▶ _Problem to work on_:
Once the line containing "прописка гарантия в Новокузнецке" is found in the entries below, restate it and each following line word for word, stopping after the line containing "ヤマト運輸株式会社金沢ベース店のアルバイト・バイト求人情報".

▶ _Supplied material_:
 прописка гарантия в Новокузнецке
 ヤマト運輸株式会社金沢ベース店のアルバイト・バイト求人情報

...

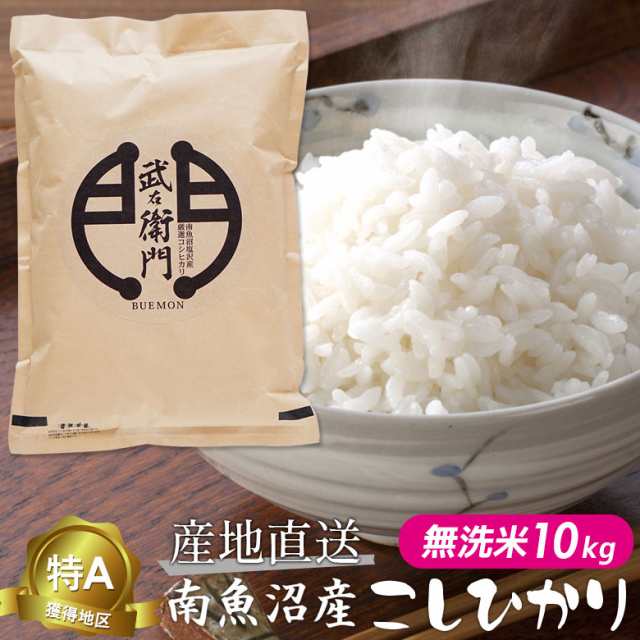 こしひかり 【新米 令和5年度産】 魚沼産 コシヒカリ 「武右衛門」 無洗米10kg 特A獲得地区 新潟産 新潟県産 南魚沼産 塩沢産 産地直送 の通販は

---

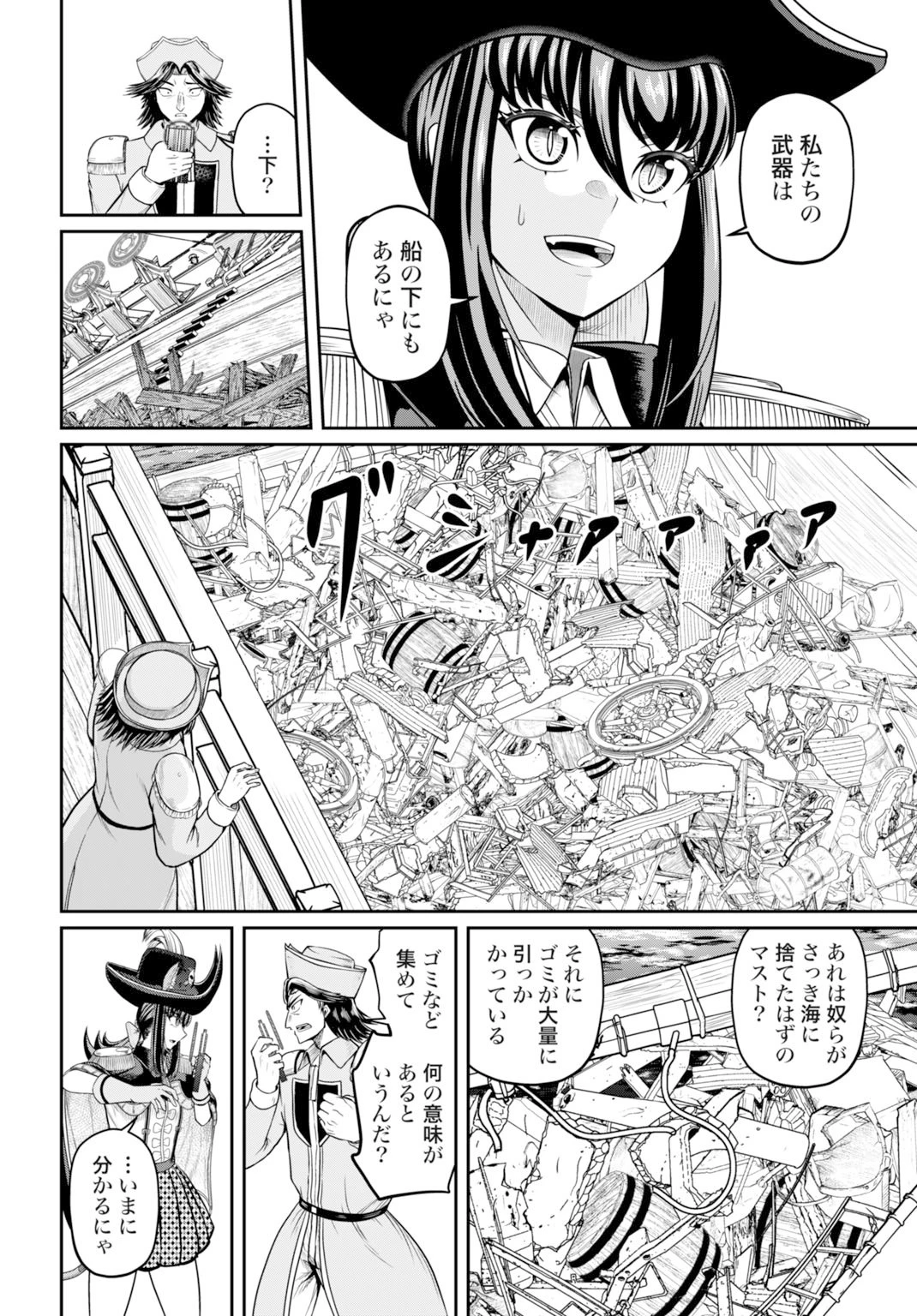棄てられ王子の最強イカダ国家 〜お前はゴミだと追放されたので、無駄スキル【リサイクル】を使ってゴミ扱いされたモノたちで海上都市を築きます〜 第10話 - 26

▶ _Written answer_:
 прописка гарантия в Новокузнецке
 ヤマト運輸株式会社金沢ベース店のアルバイト・バイト求人情報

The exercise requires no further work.